First Amendment to Business Combination Agreement, dated as of June 14, 2023, by and among Black Spade, VinFast and Merger Sub

Contract Categories: Mergers & Acquisitions - Merger Agreements
EX-2.1 2 d493995dex21.htm EX-2.1 EX-2.1

Exhibit 2.1

FIRST AMENDMENT TO BUSINESS COMBINATION AGREEMENT

This FIRST AMENDMENT TO BUSINESS COMBINATION AGREEMENT (this “Amendment”), dated as of June 14, 2023, is entered into by and among (i) Black Spade Acquisition Co, an exempted company incorporated with limited liability under the laws of the Cayman Islands (“BSAQ”), (ii) VinFast Auto Pte. Ltd. (Company Registration No. 201501874G), a private company limited by shares incorporated under the laws of Singapore (the “Company”) and (iii) Nuevo Tech Limited, an exempted company incorporated with limited liability under the laws of the Cayman Islands and a direct wholly-owned subsidiary of the Company (“Merger Sub”), and amends that certain Business Combination Agreement, dated as of May 12, 2023 (the “Business Combination Agreement”), by and among the Parties. BSAQ, the Company and Merger Sub are referred to herein collectively as the “Parties.” Capitalized terms used herein and not otherwise defined herein shall have the meanings given to such terms in the Business Combination Agreement.

WHEREAS, the issued and outstanding BSAQ Units, BSAQ Class A Ordinary Shares and BSAQ Public Warrants (collectively, the “BSAQ Public Securities”) are currently listed for trading on the NYSE; and BSAQ wishes to transfer the listing of the BSAQ Public Securities from the NYSE to the NYSE American LLC, and in connection with such transfer, BSAQ will voluntarily delist from the NYSE (collectively, the “Listing Transfer”);

WHEREAS, pursuant to Section 8.01 of the Business Combination Agreement, during the Interim Period, except as consented to by the Company in writing, BSAQ shall use commercially reasonable efforts to operate its business only in the Ordinary Course of Business and shall not conduct certain actions specified under Section 8.01(iii) of the Business Combination Agreement (the “Consent Matters”), and the Listing Transfer may be deemed a Consent Matter; and

WHEREAS, pursuant to Section 8.01 of the Business Combination Agreement, the Company wishes to consent to the Listing Transfer, and pursuant to Section 12.11 of the Business Combination Agreement, the Parties wish to enter into this Amendment to amend the Business Combination Agreement to reflect and effect the implementation of the Listing Transfer, upon the terms and conditions set forth herein.

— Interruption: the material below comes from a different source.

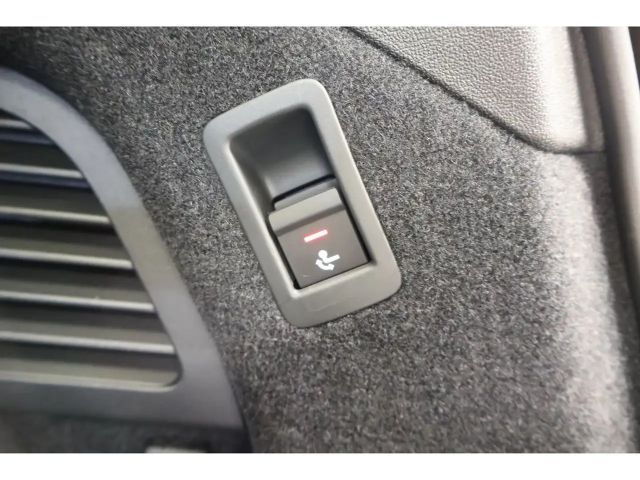 Audi A5 2.0 TDI Avant Quattro S-Line S-Tronic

NOW, THEREFORE, in consideration of the premises and mutual agreements herein contained and other good and valuable consideration, the receipt and sufficiency of which are hereby acknowledged, the Parties agree as follows:

1. Consent. Pursuant to Section 8.01 of the Business Combination Agreement, the Company hereby consents to the Listing Transfer and all actions reasonably required in connection with implementing the Listing Transfer.

2. Amendment to the Business Combination Agreement. Effective as of the date of this Amendment, the following definition of the Business Combination Agreement is hereby amended and restated in its entirety as follows:

Qualified Stock Exchange” means the Nasdaq, the NYSE or the NYSE American LLC.

3. Effect of Amendment. Except as amended herein, the provisions of the Business Combination Agreement remain unchanged and in full force and effect in accordance with their terms. On and after the date hereof, each reference in the Business Combination Agreement to “this Agreement”, “hereunder”, “hereof” or words of like import shall mean and be a reference to the Business Combination Agreement as amended or otherwise modified by this Amendment. Notwithstanding the foregoing, references to the phrases “the date of this Agreement” or “the date hereof”, wherever used in the Business Combination Agreement, as amended by this Amendment, shall mean May 12, 2023.


4. Construction. This Amendment shall be governed by all provisions of the Business Combination Agreement, as amended by this Amendment, unless context requires otherwise, including all provisions concerning construction, enforcement and governing law. For the avoidance of doubt, Sections 1.01, 1.02, 12.07, 12.08, 12.15 and 12.16 of the Business Combination Agreement are hereby incorporated by reference and shall apply to this Amendment mutatis mutandis.

5. Entire Agreement. This Amendment and the Business Combination Agreement constitute the entire agreement between the Parties on the subject matter contained herein and therein. In the event of a conflict between the terms of the Business Combination Agreement and this Amendment, the terms of this Amendment shall prevail solely as to the subject matter contained herein.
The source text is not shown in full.